Photoelectron emission microscopy combined with intense photon sources is becoming a powerful analytical tool with both spatial resolution down to a few nanometers and spectroscopic capabilities. One can laterally resolve surface domains according to their magnetization, chemical composition, electronic structure, and even follow the dynamics of domain movement, catalysis or laser emissions using time resolved detection systems.
The lateral resolution varies from 1 mm to 10 nm, placing this technique at the heart of the mesoscopic physics, and corresponds to the need for spectroscopic information on the intermediate scale between atomic and macroscopic, so lacking in multiscale modeling. Furthermore, the possibility of studying nanostructured materials and objects on the 100 nm scale corresponds perfectly to the technologically interesting length scale in electronics, bioelectronics.

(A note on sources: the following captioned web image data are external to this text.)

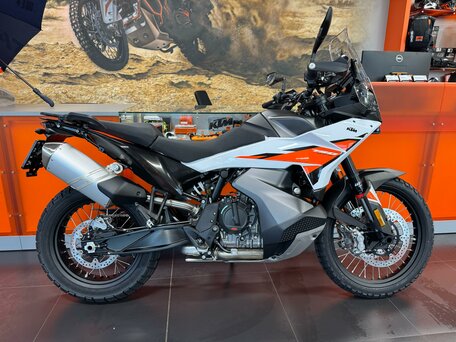 2024 KTM 790 Adventure, белый, 1449900 рублей, вид 1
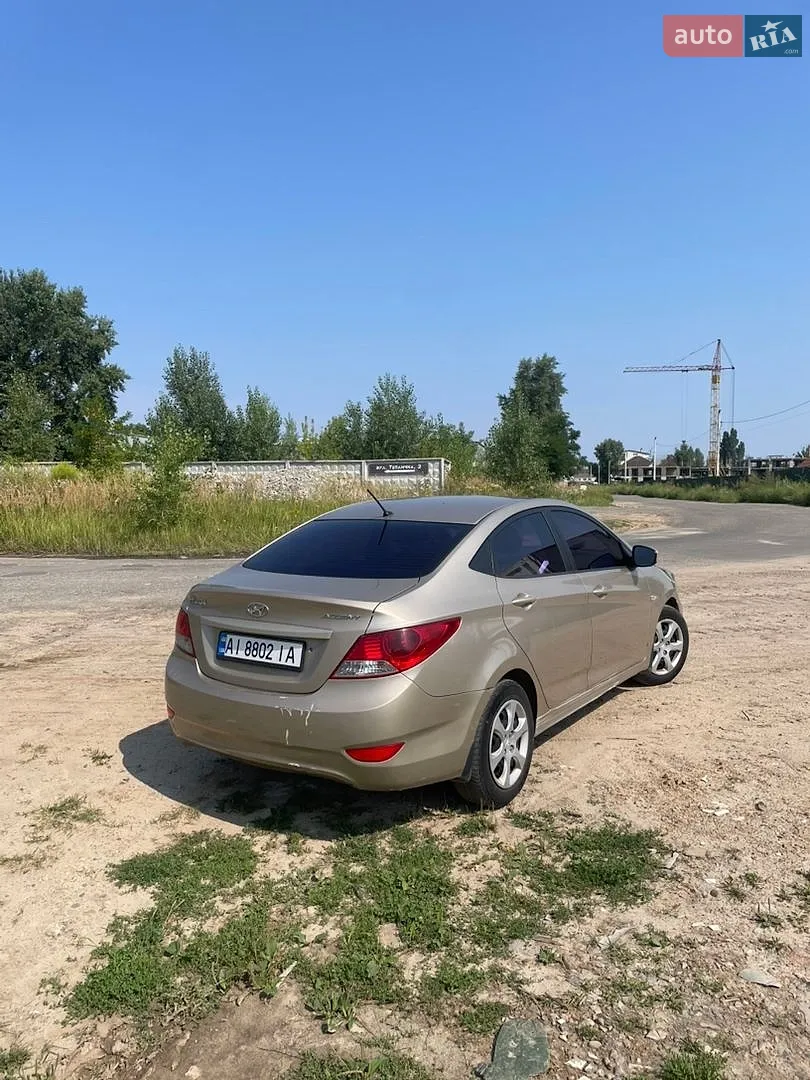 2011 Hyundai Accent - мініатюра 4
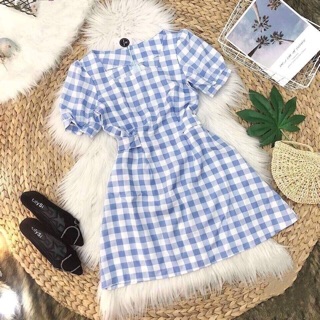 Đầm caro cột eo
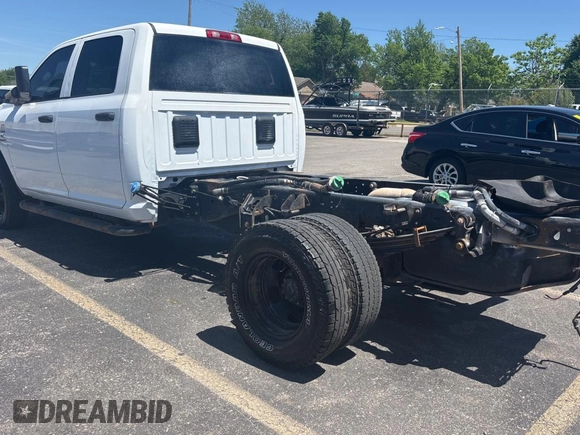 2018 Ram 3500 Tradesman z VIN 3C7WRTCL4JG346558, wystawiony jako Copart lot #54569225 z przebiegiem 255 163 mil mil oraz Czysty tytuł • Clean title. Historia ofert i sprzedaży dostępna na DreamBid. Obrazek 3.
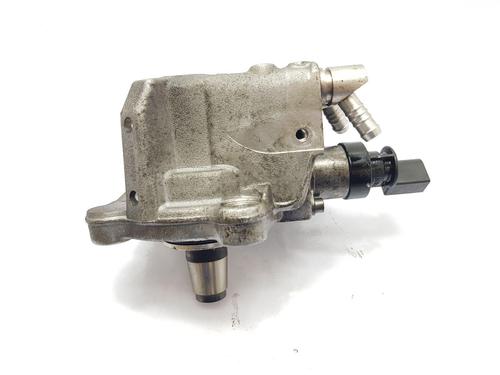 Used Fuel pump BMW 5 (E60) 520 d (177 hp) 29467464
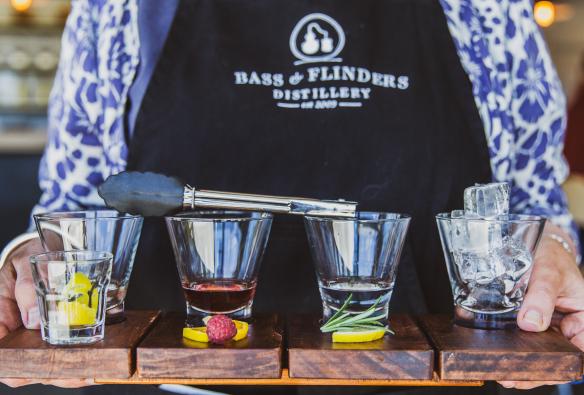 维多利亚州，摩林顿半岛，Bass & Flinders 酿酒厂调酒师将四种烈酒放在托盘上，并在前方展示了对应的原料 © Bass & Flinders 酿酒厂版权所有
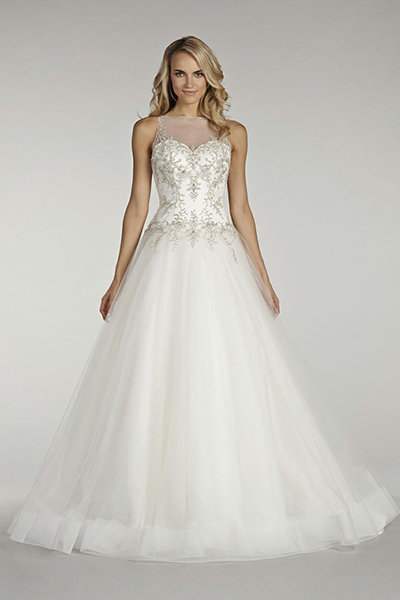 Lovelle by Lazaro Lovelle by Lazaro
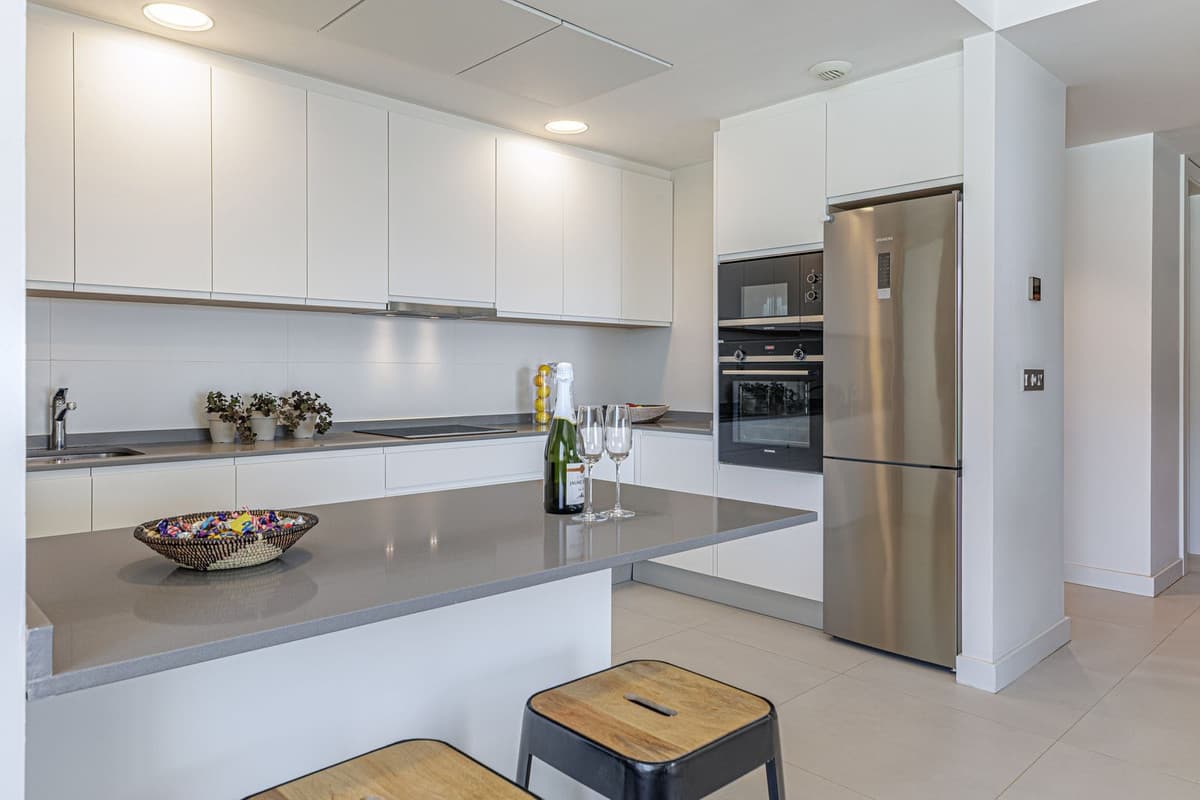 Middle Floor Apartment in Estepona — photo 8 of 10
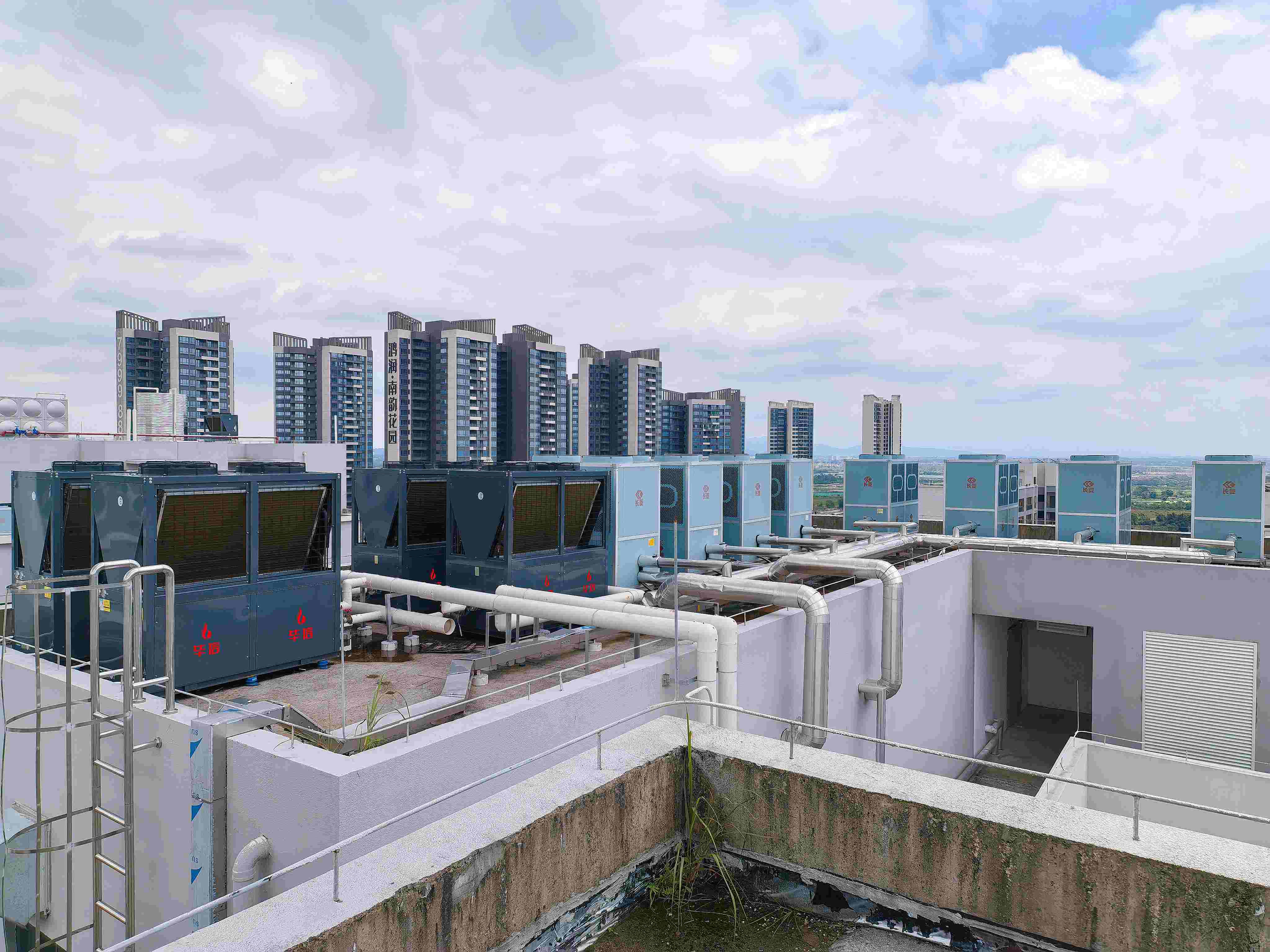 惠州电池集团热水工程｜4 台毕信 20 匹热泵机组应用案例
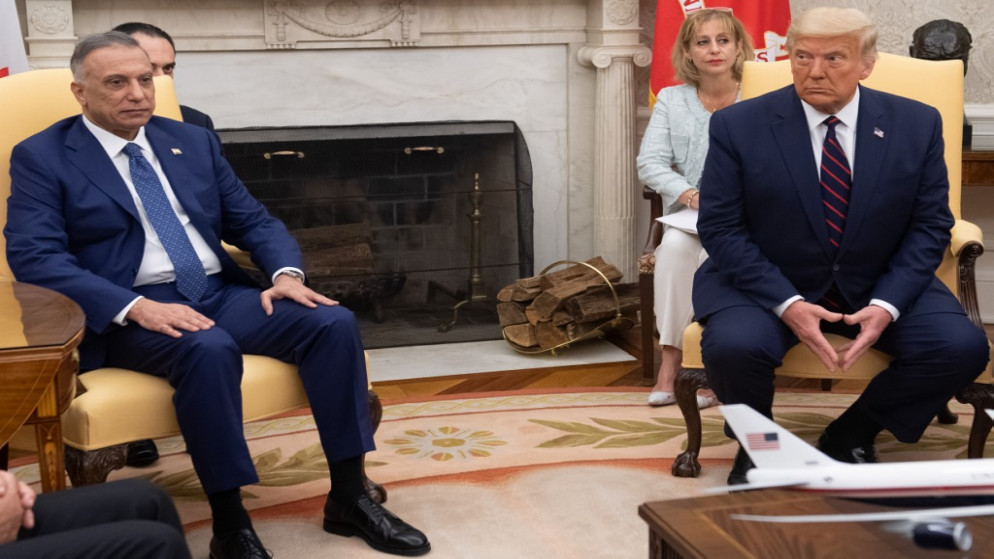 الرئيس الأميركي دونالد ترامب (يمين) يلتقي برئيس الوزراء العراقي مصطفى الكاظمي في المكتب البيضاوي للبيت الأبيض في واشنطن العاصمة، 20 أغسطس 2020. (أ ف ب)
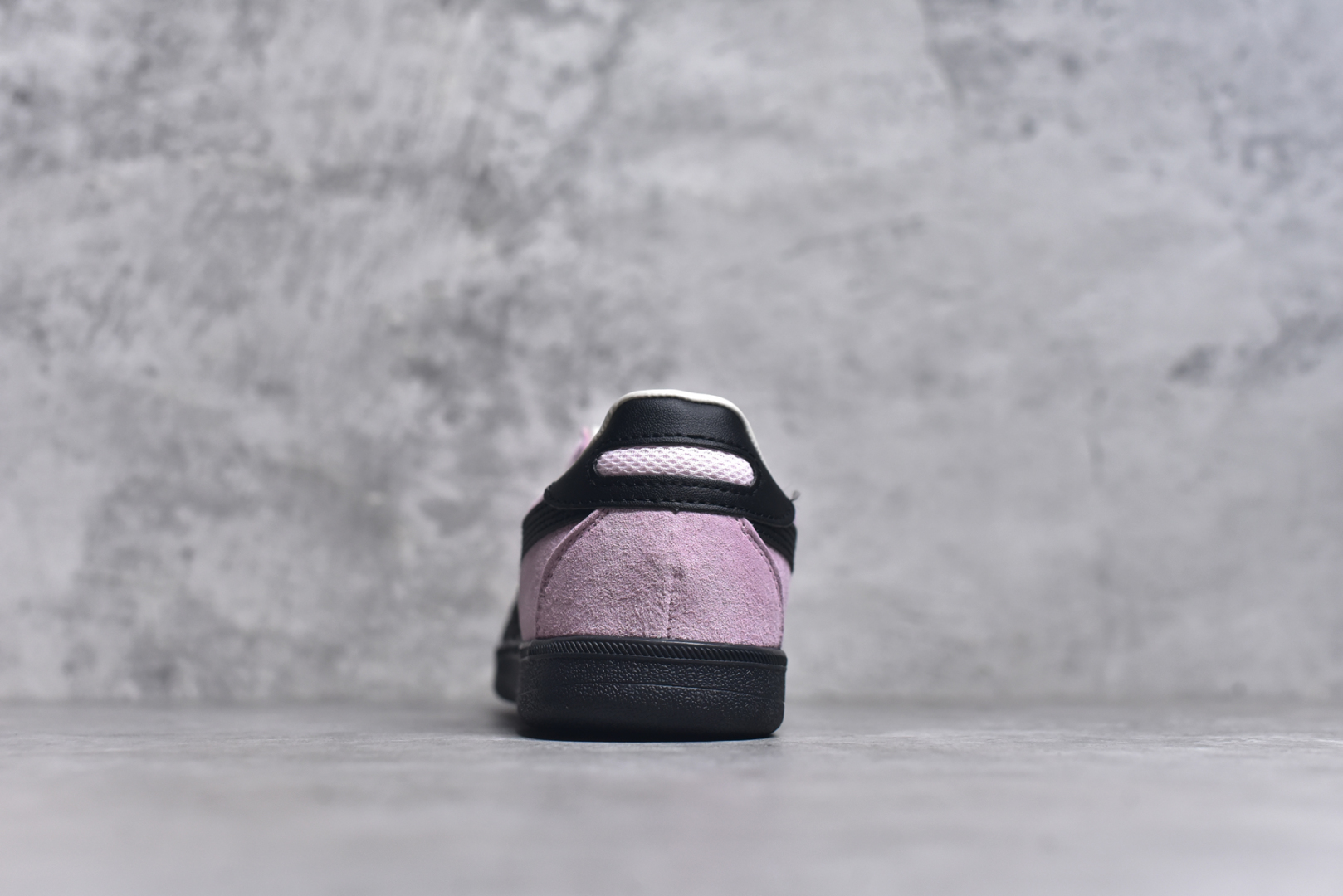图片[5]-#亚瑟士 Onitsuka Tiger Tokuten 复古低帮休闲跑鞋 实拍首发 TOKUTEN的灵感来源于80年代的室内用鞋 T-TOE前足补强设计 室内鞋的橡胶大底元素复古经典 是TIGER拥趸追捧款鞋跟 鞋舌处印有鬼塚虎特有的品牌logo标志提升品牌的认知度 柔软内里材质 穿着更加舒适改良后的鞋底设计 更具防滑性货号：1183A907-701 尺码：36-41-选品中心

CEA has acquired the first production model of the NanoESCA (OMICRON GmbH), a spectromicroscope designed for high spatial and energy resolution over a wide range of photoelectron kinetic energies (Δx ~ 100 nm; ΔE ~ 100 meV). This is done thanks to the combination of a simple purely electrostatic lens column allowing accurate focus tracking over several hundred eV with the use of a double hemispherical analyzer, eliminating spherical aberrations usually present in energy analyzers for photoelectron microscopes.
Fig.2(Left) : SEM micrographs of pMAN grafted on Au-Si heterogeneous surface. (Right): XPEEM energy filtered images: O 1s coordinated Ti (turquoise) and Si (blue); Grafting on gold strips and nanoparticles Au 4f7/2 (yellow), C 1s (red), Ti 2p3/2 (green)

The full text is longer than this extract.